# Silverking tricycle



## ratrodz (Dec 22, 2017)

I have always wanted one of these and they have always seemed to get away or just been bad timing for me! Recently this posted on the cabe, so... as always my curiosity got me and I sent a pm. @spoker gave me the nod to get it and the lead! This bike sat on the mpls Craigslist and unfortunately for me, I live in New Mexico.
So I started hitting up my friends up there to see if someone could pick it up and sure enough my buddy jumped in his truck to drive through the snow to grab it! I couldn't believe it,  but know I'm the proud owner of this lil project trike! Big shout out for the tip from @spoker  I am very great full!!!


----------



## spoker (Dec 22, 2017)

looks like it made it without damage,some awesome potential their,glad i was able to hook u up with it


----------



## island schwinn (Dec 22, 2017)

you'll look cute riding that around.LOL.
congrats on the find.


----------



## ZE52414 (Dec 22, 2017)

I say you bolt it to a sled. And go find a really big hill!


----------



## spoker (Dec 22, 2017)

disc wheels and a custom seat


----------



## silverking surfer (Jan 5, 2018)

awesome score aaron


----------



## Freqman1 (Jan 6, 2018)

I hope  you have good luck scoring the parts you need because this is one of the coolest tricycles out there.
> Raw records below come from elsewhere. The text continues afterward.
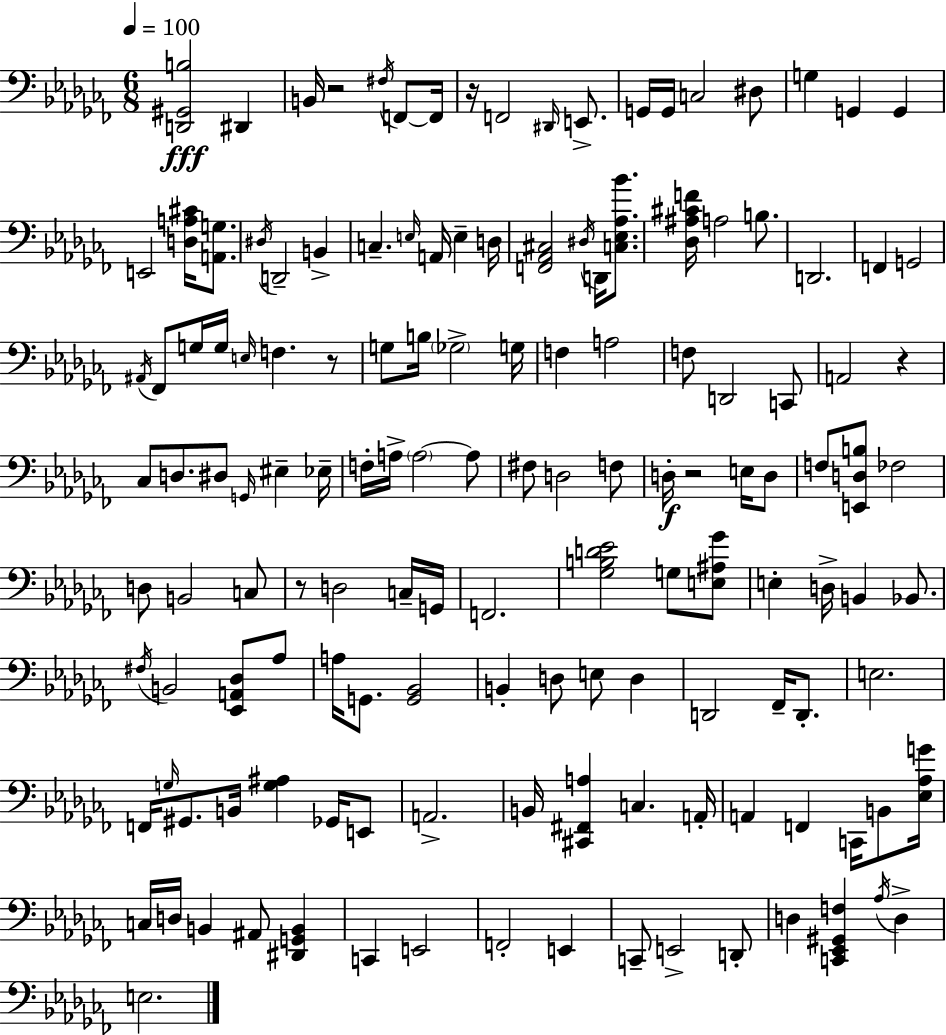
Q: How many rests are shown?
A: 6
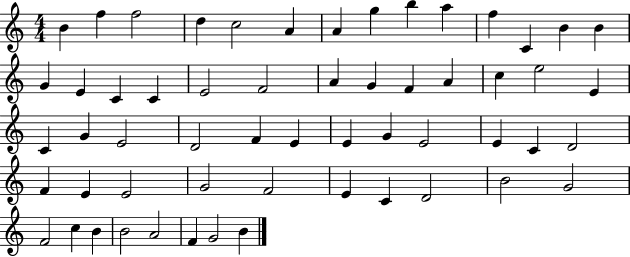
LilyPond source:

{
  \clef treble
  \numericTimeSignature
  \time 4/4
  \key c \major
  b'4 f''4 f''2 | d''4 c''2 a'4 | a'4 g''4 b''4 a''4 | f''4 c'4 b'4 b'4 | \break g'4 e'4 c'4 c'4 | e'2 f'2 | a'4 g'4 f'4 a'4 | c''4 e''2 e'4 | \break c'4 g'4 e'2 | d'2 f'4 e'4 | e'4 g'4 e'2 | e'4 c'4 d'2 | \break f'4 e'4 e'2 | g'2 f'2 | e'4 c'4 d'2 | b'2 g'2 | \break f'2 c''4 b'4 | b'2 a'2 | f'4 g'2 b'4 | \bar "|."
}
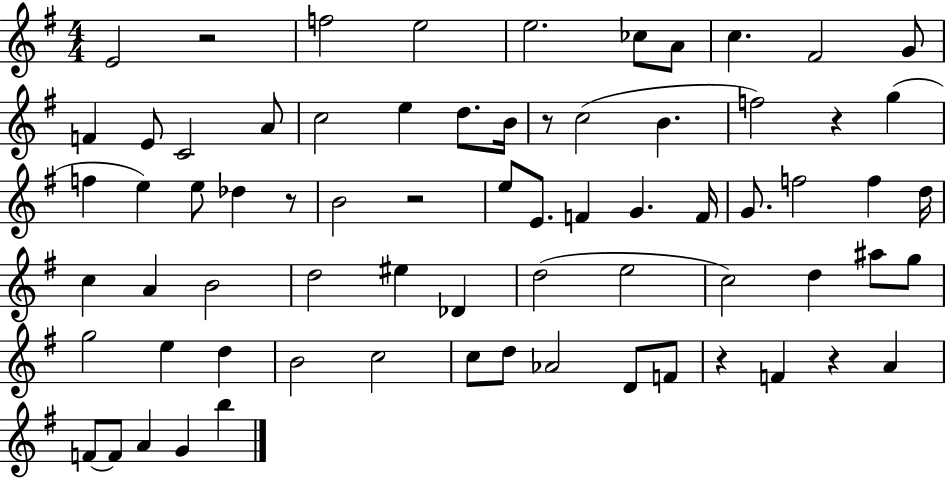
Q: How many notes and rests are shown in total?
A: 71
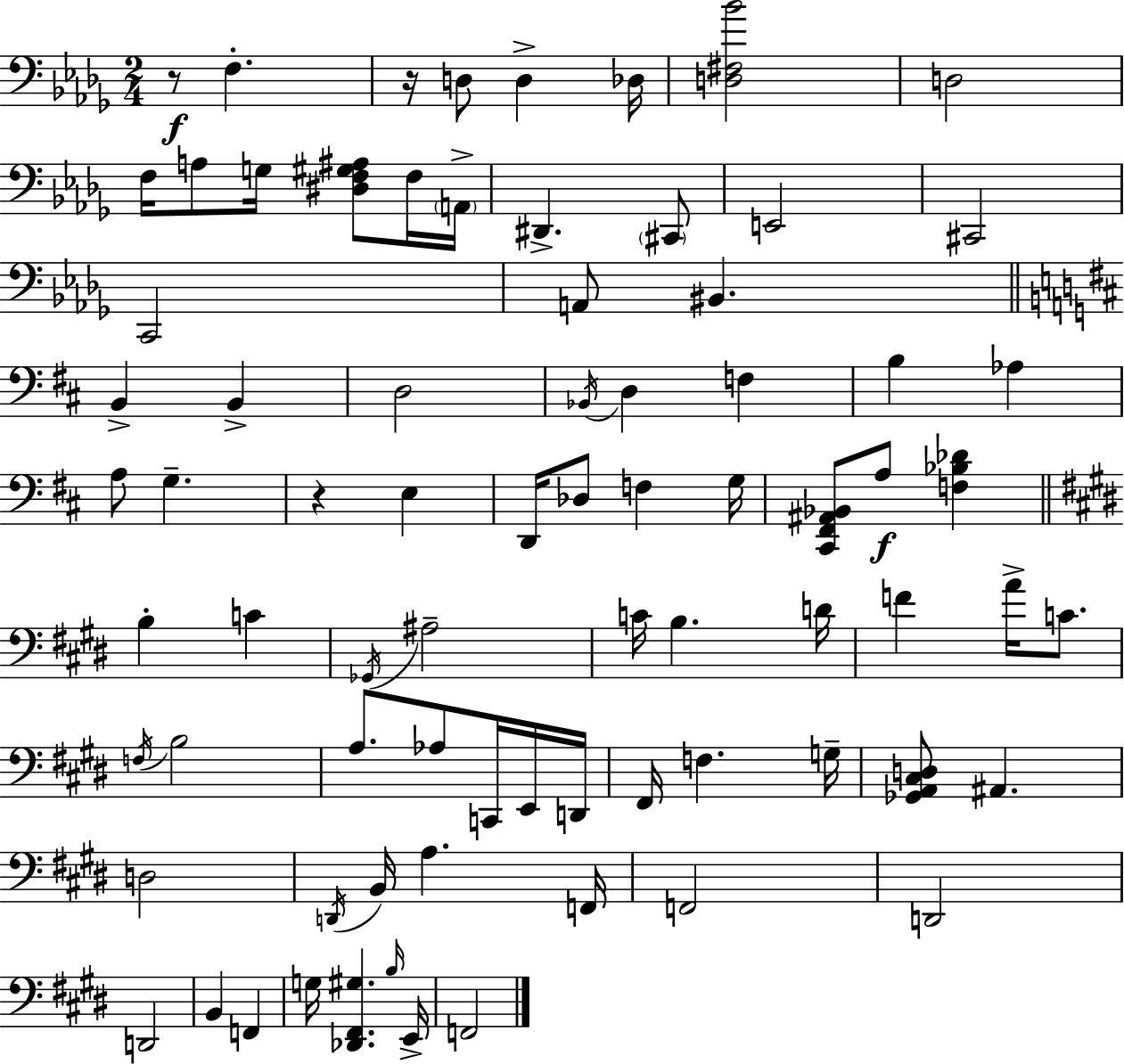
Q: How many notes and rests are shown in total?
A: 77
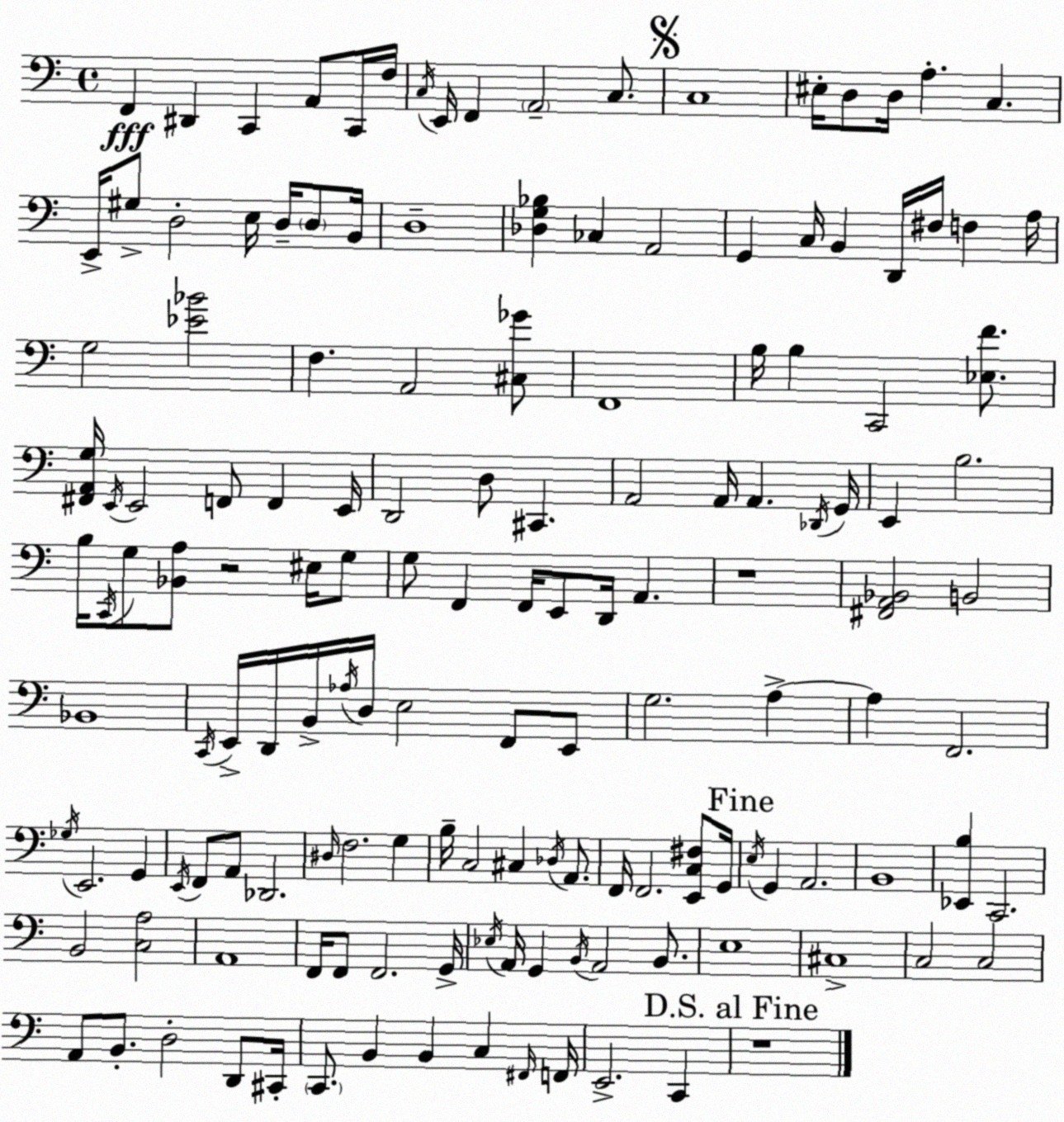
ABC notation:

X:1
T:Untitled
M:4/4
L:1/4
K:C
F,, ^D,, C,, A,,/2 C,,/4 F,/4 C,/4 E,,/4 F,, A,,2 C,/2 C,4 ^E,/4 D,/2 D,/4 A, C, E,,/4 ^G,/2 D,2 E,/4 D,/4 D,/2 B,,/4 D,4 [_D,G,_B,] _C, A,,2 G,, C,/4 B,, D,,/4 ^F,/4 F, A,/4 G,2 [_E_B]2 F, A,,2 [^C,_G]/2 F,,4 B,/4 B, C,,2 [_E,F]/2 [^F,,A,,G,]/4 E,,/4 E,,2 F,,/2 F,, E,,/4 D,,2 D,/2 ^C,, A,,2 A,,/4 A,, _D,,/4 G,,/4 E,, B,2 B,/4 C,,/4 G,/2 [_B,,A,]/2 z2 ^E,/4 G,/2 G,/2 F,, F,,/4 E,,/2 D,,/4 A,, z4 [^F,,A,,_B,,]2 B,,2 _B,,4 C,,/4 E,,/4 D,,/4 B,,/4 _A,/4 D,/4 E,2 F,,/2 E,,/2 G,2 A, A, F,,2 _G,/4 E,,2 G,, E,,/4 F,,/2 A,,/2 _D,,2 ^D,/4 F,2 G, B,/4 C,2 ^C, _D,/4 A,,/2 F,,/4 F,,2 [E,,C,^F,]/2 G,,/4 E,/4 G,, A,,2 B,,4 [_E,,B,] C,,2 B,,2 [C,A,]2 A,,4 F,,/4 F,,/2 F,,2 G,,/4 _E,/4 A,,/4 G,, B,,/4 A,,2 B,,/2 E,4 ^C,4 C,2 C,2 A,,/2 B,,/2 D,2 D,,/2 ^C,,/4 C,,/2 B,, B,, C, ^F,,/4 F,,/4 E,,2 C,, z4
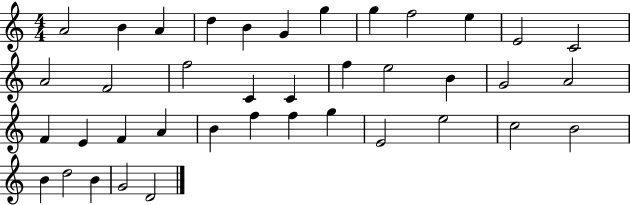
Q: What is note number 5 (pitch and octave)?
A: B4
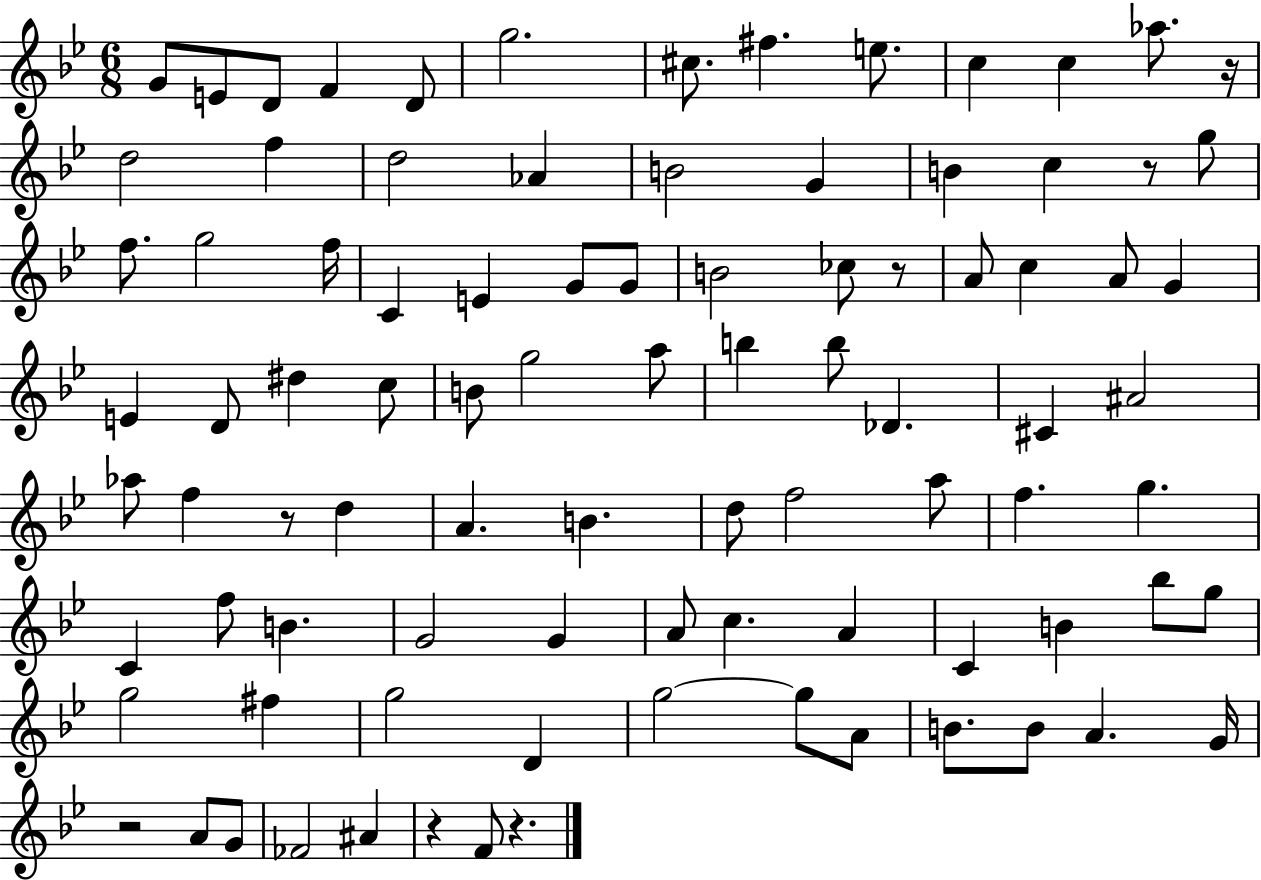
G4/e E4/e D4/e F4/q D4/e G5/h. C#5/e. F#5/q. E5/e. C5/q C5/q Ab5/e. R/s D5/h F5/q D5/h Ab4/q B4/h G4/q B4/q C5/q R/e G5/e F5/e. G5/h F5/s C4/q E4/q G4/e G4/e B4/h CES5/e R/e A4/e C5/q A4/e G4/q E4/q D4/e D#5/q C5/e B4/e G5/h A5/e B5/q B5/e Db4/q. C#4/q A#4/h Ab5/e F5/q R/e D5/q A4/q. B4/q. D5/e F5/h A5/e F5/q. G5/q. C4/q F5/e B4/q. G4/h G4/q A4/e C5/q. A4/q C4/q B4/q Bb5/e G5/e G5/h F#5/q G5/h D4/q G5/h G5/e A4/e B4/e. B4/e A4/q. G4/s R/h A4/e G4/e FES4/h A#4/q R/q F4/e R/q.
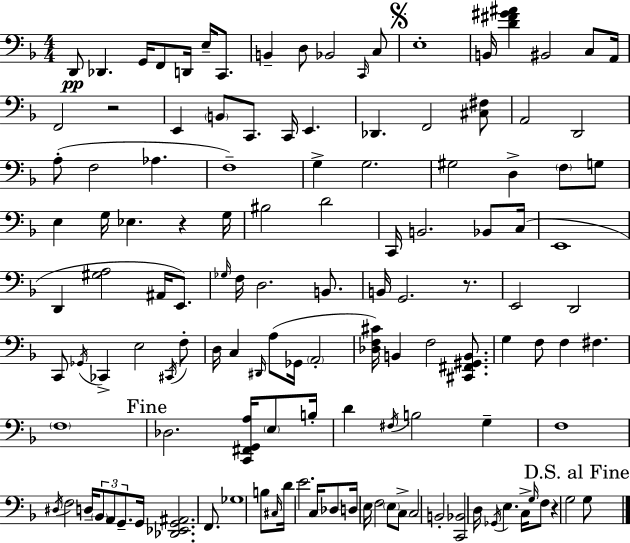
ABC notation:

X:1
T:Untitled
M:4/4
L:1/4
K:Dm
D,,/2 _D,, G,,/4 F,,/2 D,,/4 E,/4 C,,/2 B,, D,/2 _B,,2 C,,/4 C,/2 E,4 B,,/4 [D^F^G^A] ^B,,2 C,/2 A,,/4 F,,2 z2 E,, B,,/2 C,,/2 C,,/4 E,, _D,, F,,2 [^C,^F,]/2 A,,2 D,,2 A,/2 F,2 _A, F,4 G, G,2 ^G,2 D, F,/2 G,/2 E, G,/4 _E, z G,/4 ^B,2 D2 C,,/4 B,,2 _B,,/2 C,/4 E,,4 D,, [^G,A,]2 ^A,,/4 E,,/2 _G,/4 F,/4 D,2 B,,/2 B,,/4 G,,2 z/2 E,,2 D,,2 C,,/2 _G,,/4 _C,, E,2 ^C,,/4 F,/2 D,/4 C, ^D,,/4 A,/2 _G,,/4 A,,2 [_D,F,^C]/4 B,, F,2 [^C,,^F,,^G,,B,,]/2 G, F,/2 F, ^F, F,4 _D,2 [C,,^F,,G,,A,]/4 E,/2 B,/4 D ^F,/4 B,2 G, F,4 ^D,/4 F,2 D,/4 _B,,/2 A,,/2 G,,/2 G,,/4 [_D,,_E,,G,,^A,,]2 F,,/2 _G,4 B,/2 ^C,/4 D/4 E2 C,/4 _D,/2 D,/4 E,/4 F,2 E,/2 C,/2 C,2 B,,2 [C,,_B,,]2 D,/4 _G,,/4 E, C,/4 G,/4 F,/2 z G,2 G,/2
V/r Shawn


----------



## kreika (Jan 6, 2018)

Soon to look like this.....


----------



## mack0327 (May 10, 2018)

Let me know if you ever decide you want to sell it!


----------



## Kickstand3 (Nov 22, 2022)

Just a cool ad no Tricycle


----------



## bicyclebuff (Dec 29, 2022)

What do those sell for in done condition?


----------



## 49autocycledeluxe (Dec 29, 2022)

that's the coolest tricycle ever. 🙂


----------



## Freqman1 (Dec 29, 2022)

bicyclebuff said:


> What do those sell for in done condition?



$$$$


----------